I took my elderly aunt (was 89 then), we drove into the city, parked the car across from the Manhatten Club (no in&out priviledges was WAY cheaper) and took cabs. She LOVED the vibe, the memories it brought back and the change of pace.


----------



## Caligirlfrtx (Jan 21, 2019)

Is it true that MC charges a $600 deposit to stay there on trade?


----------



## Janann (Jan 21, 2019)

Caligirlfrtx said:


> Is it true that MC charges a $600 deposit to stay there on trade?



Yes.  I just looked up my April 2019 Manhattan Club reservation, and here is what it says:

*Mandatory Fees/Deposit*
Security deposit is 600.00 U.S. dollars. Cash or Credit is accepted. Security Deposit collected at check in.

Service Charge fee is 54.51 U.S. dollars. Only Credit Cards accepted Per day confirmed on original booking; not per days actually stayed.


----------



## Caligirlfrtx (Jan 22, 2019)

Is it just me or are those fees a bit outrageous


----------



## escanoe (Jan 22, 2019)

Caligirlfrtx said:


> Is it just me or are those fees a bit outrageous



I am sure a lot of people think they are. That said, it is NYC and their deposits on RCI don’t linger around for long.


----------



## Tamaradarann (Jan 22, 2019)

Caligirlfrtx said:


> Is it just me or are those fees a bit outrageous



I don't care about the deposit, it could be $6000 since I have plenty of credit line on my credit card, however, they keep the 54.51 resort fee so that is what is outrageous.  As others have said on TUG this resort has a very gray past with the previous management company and high maintenance fees hopefully Bluegreen can cleanup their act.


----------



## JulieAB (Feb 4, 2019)

I just got an OGS match for a 1 bedroom first week of June at TMC.  I'm feeling nervous about taking it!  I have a 14 year old son and 8 year old daughter.  I hope the sofa bed isn't miserable.  And RCI says the room has a 3/4 fridge with freezer but it seems reviews are just a mini-fridge?

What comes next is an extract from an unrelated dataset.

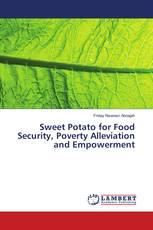 Sweet Potato for Food Security, Poverty Alleviation and Empowerment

Ugh, should we take it??  I have a hard time going outside my comfort zones (hawaii, disney, and socal)!


----------



## Denise L (Feb 4, 2019)

JulieAB said:


> I just got an OGS match for a 1 bedroom first week of June at TMC.  I'm feeling nervous about taking it!  I have a 14 year old son and 8 year old daughter.  I hope the sofa bed isn't miserable.  And RCI says the room has a 3/4 fridge with freezer but it seems reviews are just a mini-fridge?
> 
> Ugh, should we take it??  I have a hard time going outside my comfort zones (hawaii, disney, and socal)!



How many of you total, 3?  I've never stayed in a one bedroom there, but I thought that the studio sized unit I had in 2015 was nice, and it had a microwave, sink, and mini-fridge.  I'm sure that the one bedroom is even more roomy.


----------



## JulieAB (Feb 4, 2019)

Denise L said:


> How many of you total, 3?  I've never stayed in a one bedroom there, but I thought that the studio sized unit I had in 2015 was nice, and it had a microwave, sink, and mini-fridge.  I'm sure that the one bedroom is even more roomy.


We have 4.  I think the 1 bedroom has 2 bathrooms.


----------



## e.bram (Feb 4, 2019)

ANYTIME!!!!!!!


----------



## Free2Roam (Feb 4, 2019)

I stayed in a 1bdrm a few years ago with my 3 kids (all in their 20s). We were comfortable enough... and I don't recall complaints about the sofabed. It was nice having 2 bathrooms. We didn't spend a lot of time in the room...it was a long weekend getaway with a full schedule!


----------



## escanoe (Feb 4, 2019)

JulieAB said:


> We have 4.  I think the 1 bedroom has 2 bathrooms.



The way I read room details from the RCI website, it would just have a full bathroom. I agree it is interesting that all rooms are listed as having a "3/4 fridge with freezer" yet the reports are they have mini-fridges. I recently had a 3/4ths fridge in Williamsburg, and I would not mistake it for a mini-fridge.

I am looking forward to our family staying in a one bedroom there Memorial Day weekend.


----------